(Dataset records Opens)

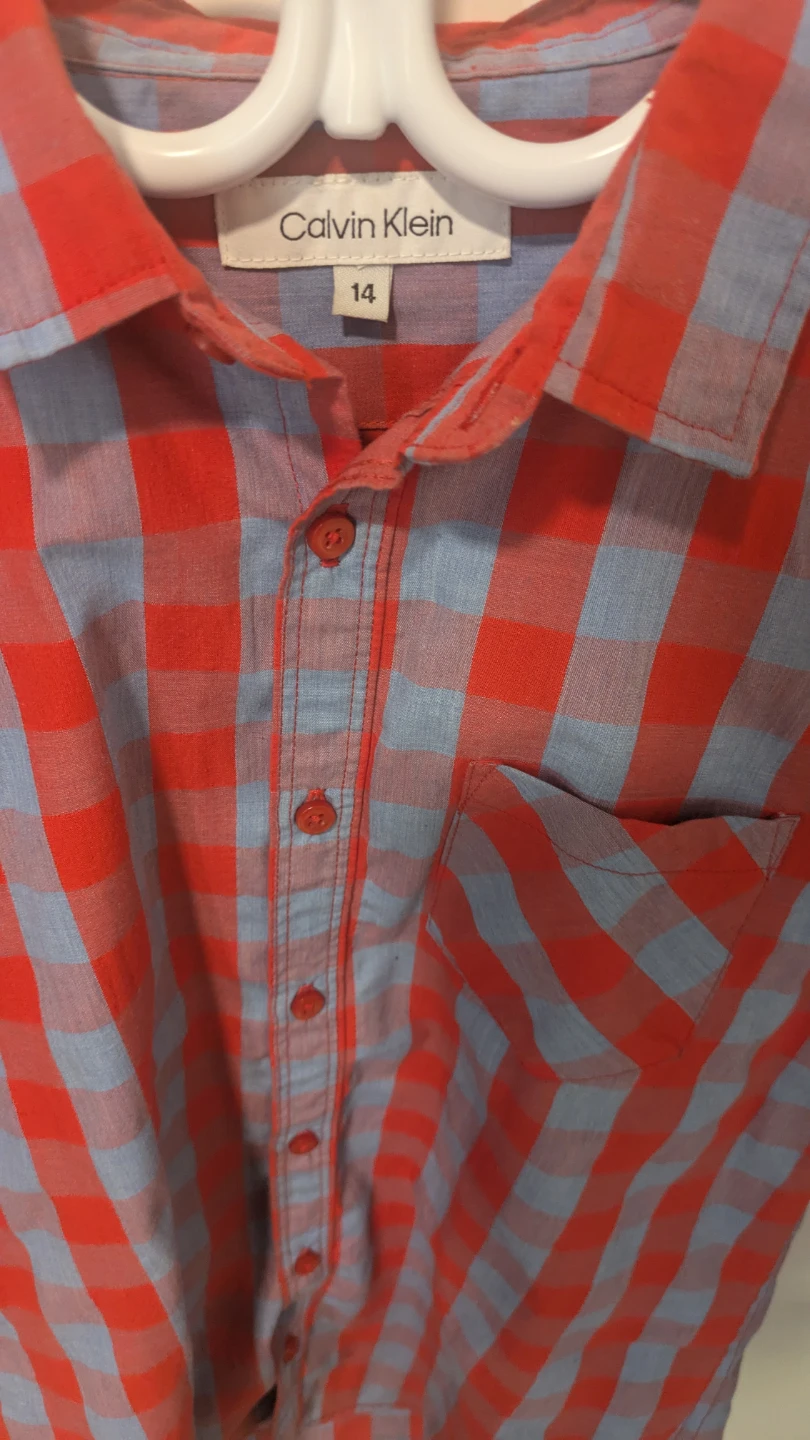Calvin Klein Boys Red and Blue Gingham Button-Up Shirt Size 14 - photo 2
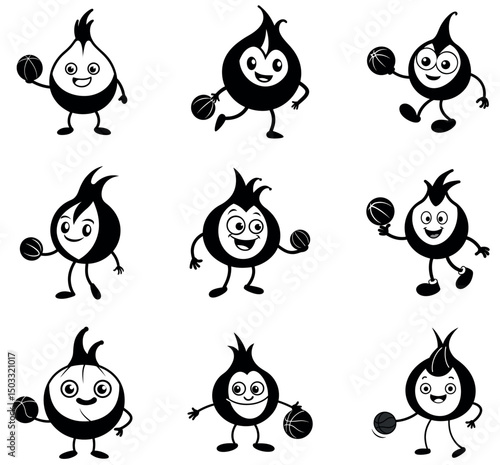Black and White Cartoon Onion Characters Playing Basketball – Fun Vegetable Mascots Set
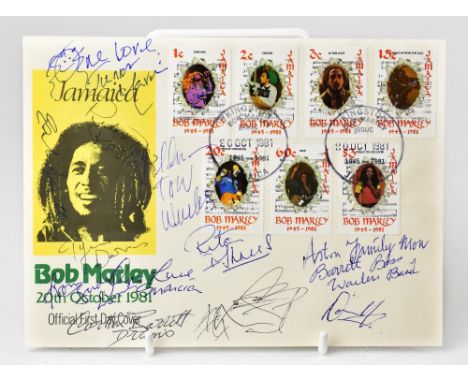 BOB MARLEY AND THE WAILERS; a commemorative 1981 first day cover bearing numerous signatures of the band members (not includi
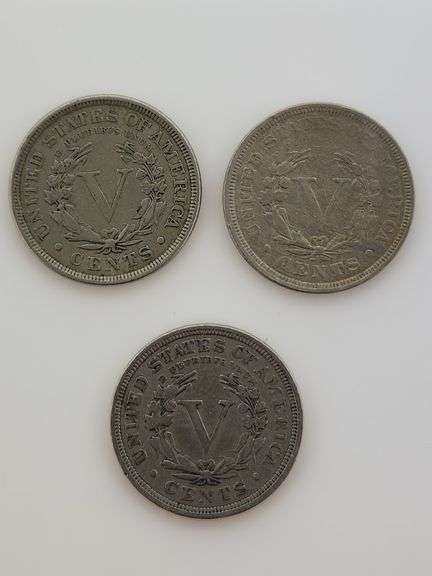 1897-1899 Lot Of 3 Liberty Head Nickels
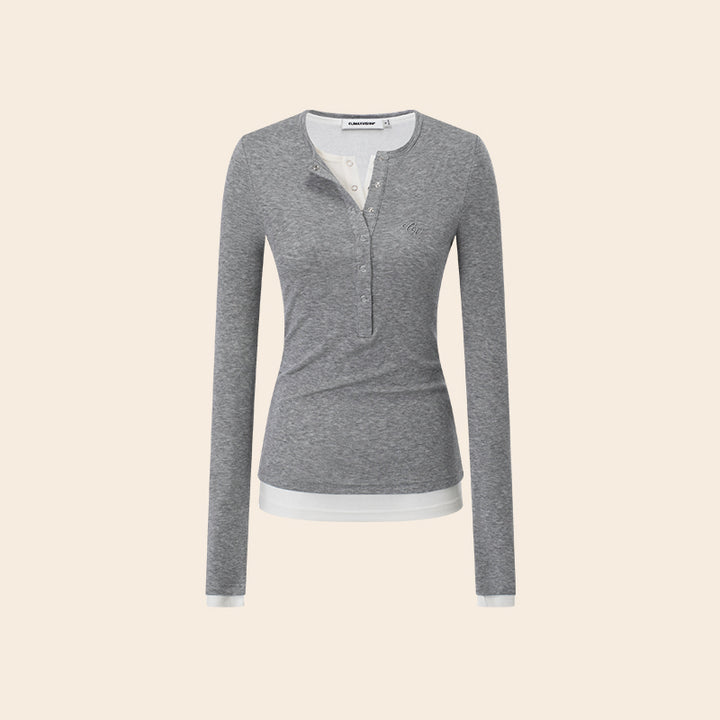 Luxe Layered Henley Top CVLT0157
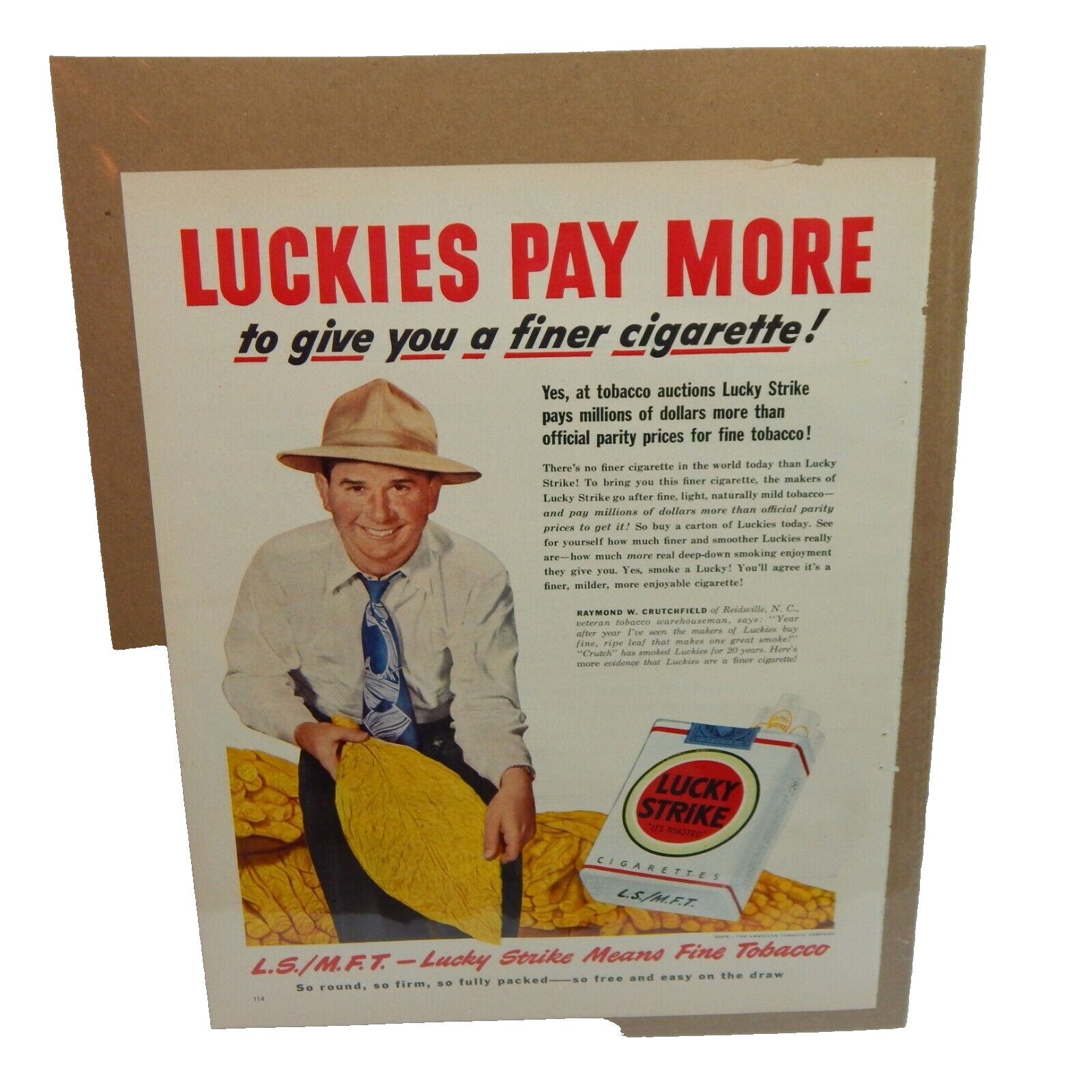 LUCKY STRIKE CIGARETTES THE AMERICAN TOBACCO COMPANY 1950 ADVERTISEMENT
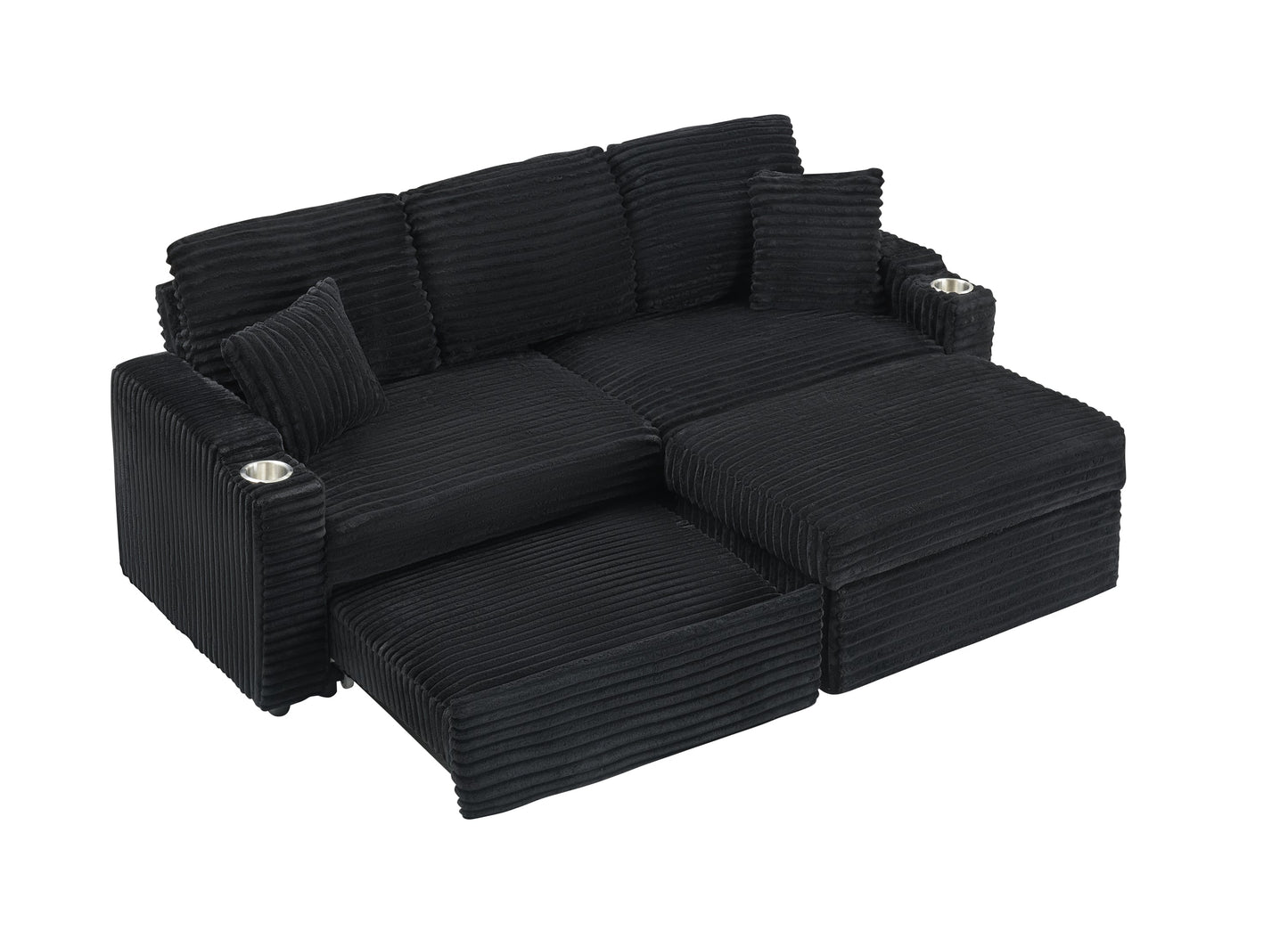 NEW 80' Corduroy Multi-Function Sofa with Hidden Reclining, Space Saving Design, Armrests, Cup Holders and Removable Footstool, Black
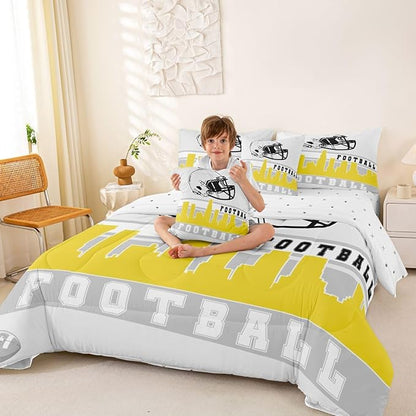 Erosebridal Football 7 Pcs Comforter Set King Football City Bedding Teens Grey Yellow Football Fans Sheet Set Bed in A Bag Rugby Game Room Decor Sports Ball Competition Quilt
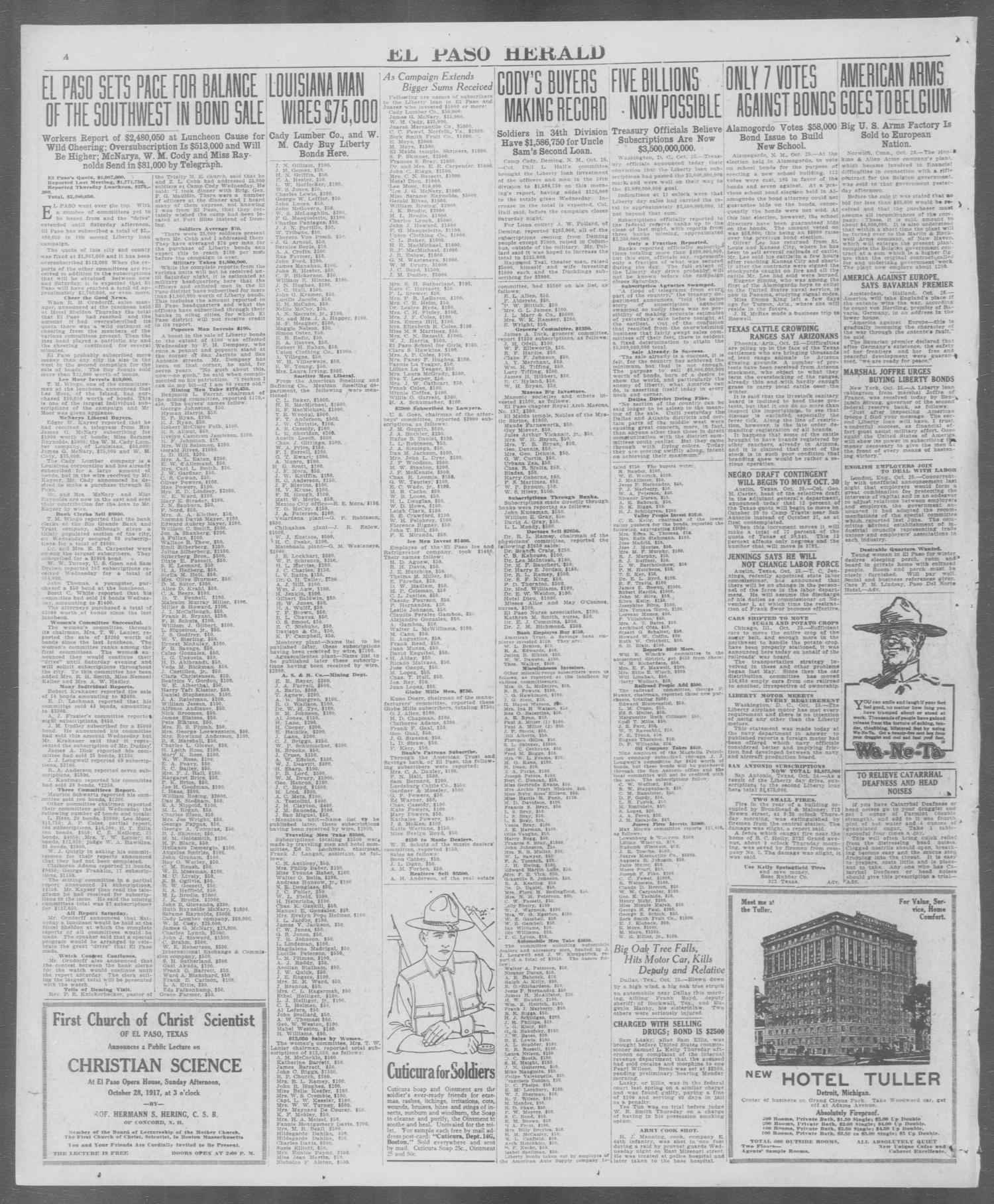 El Paso Herald (El Paso, Tex.), Ed. 1, Thursday, October 25, 1917
                                                
                                                    [Sequence #]: 4 of 14
                                                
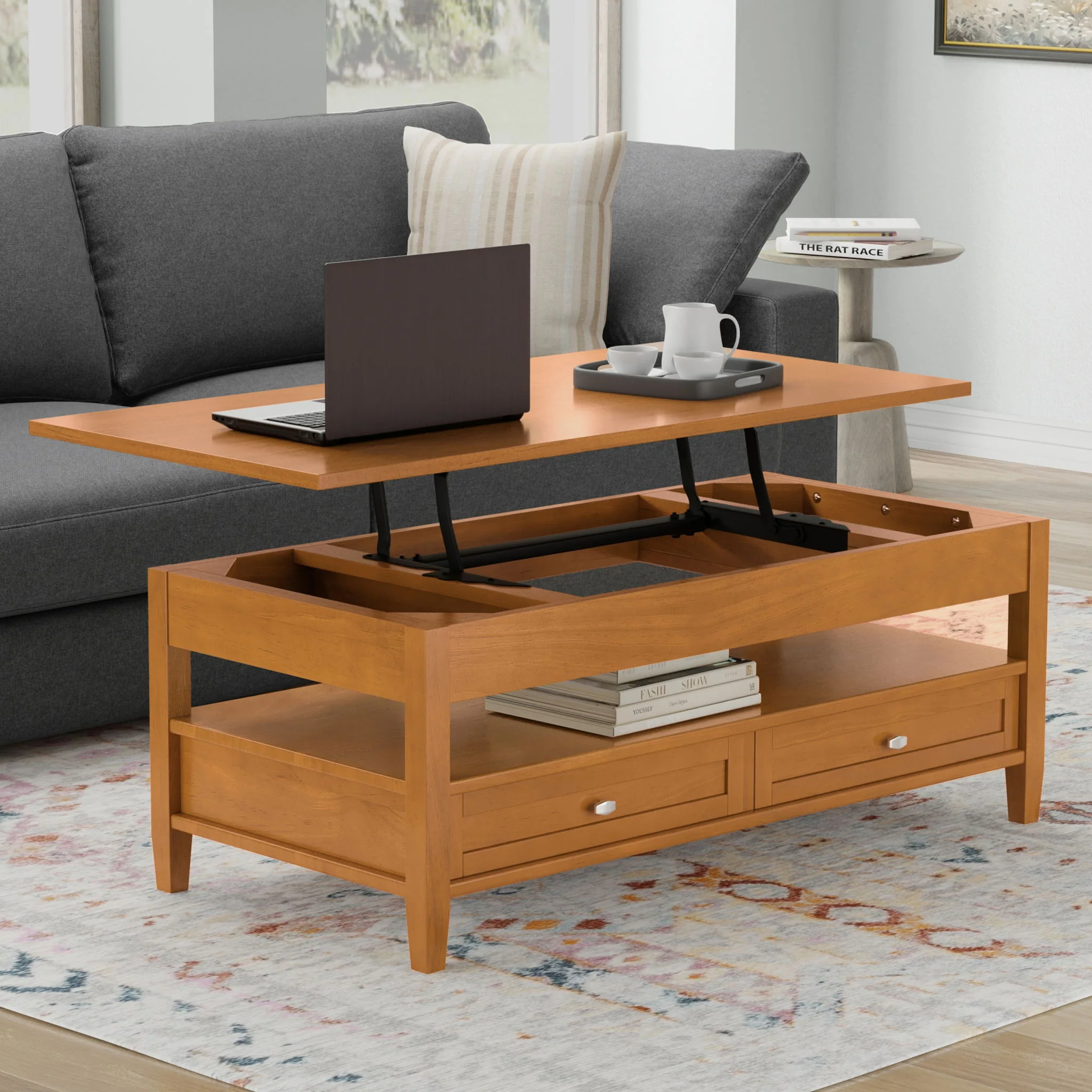 Warm Shaker - Lift Top Coffee Table With Hidden Storage And Lift Top Functionality - Brown - Image 3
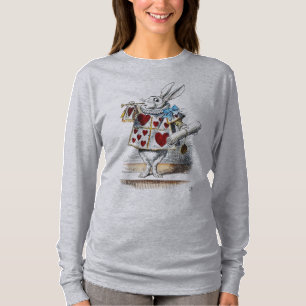 White Rabbit Alice Wonderland Hearts Tote T-Shirt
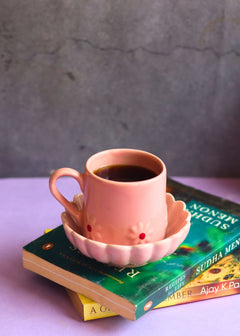 pink lily mug & Ice cream bowl set of two combo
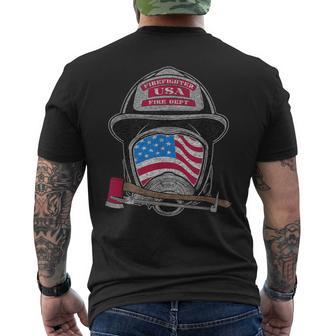 Firefighter Fireman Helmet American Flag Usa Vintage Graphic Men's T-shirt Back Print - Thegiftio UK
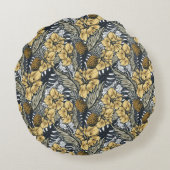 高級エレガント金ゴールドN'ブラック熱帯花 ラウンドクッション (裏面)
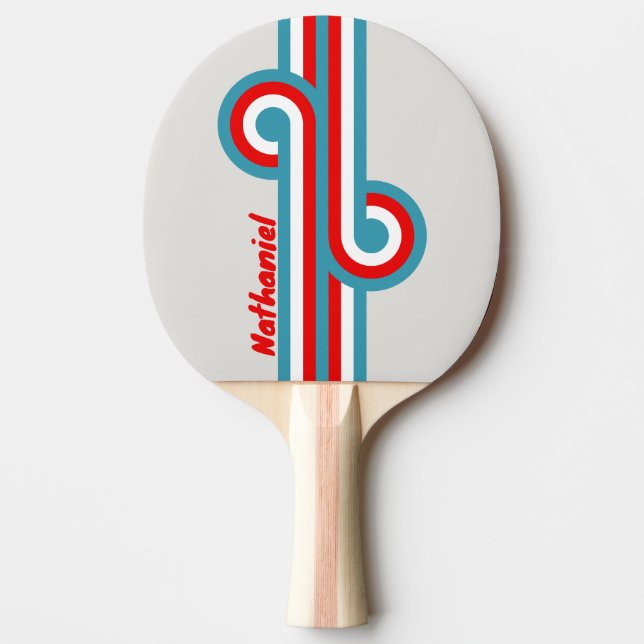 Pala De Ping Pong Ciclo de franja de Thunderbird con nombre (Anverso)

(Dataset records Closes)

■ **Task details**:
In the data above, start at the line holding "LUCKY STRIKE CIGARETTES" and stop after the line holding "[Sequence #]: 4"; write out those lines exactly, without pictures.

■ **Answer to this exercise**:
 LUCKY STRIKE CIGARETTES THE AMERICAN TOBACCO COMPANY 1950 ADVERTISEMENT
 NEW 80' Corduroy Multi-Function Sofa with Hidden Reclining, Space Saving Design, Armrests, Cup Holders and Removable Footstool, Black
 Erosebridal Football 7 Pcs Comforter Set King Football City Bedding Teens Grey Yellow Football Fans Sheet Set Bed in A Bag Rugby Game Room Decor Sports Ball Competition Quilt
 El Paso Herald (El Paso, Tex.), Ed. 1, Thursday, October 25, 1917
                                                
                                                    [Sequence #]: 4 of 14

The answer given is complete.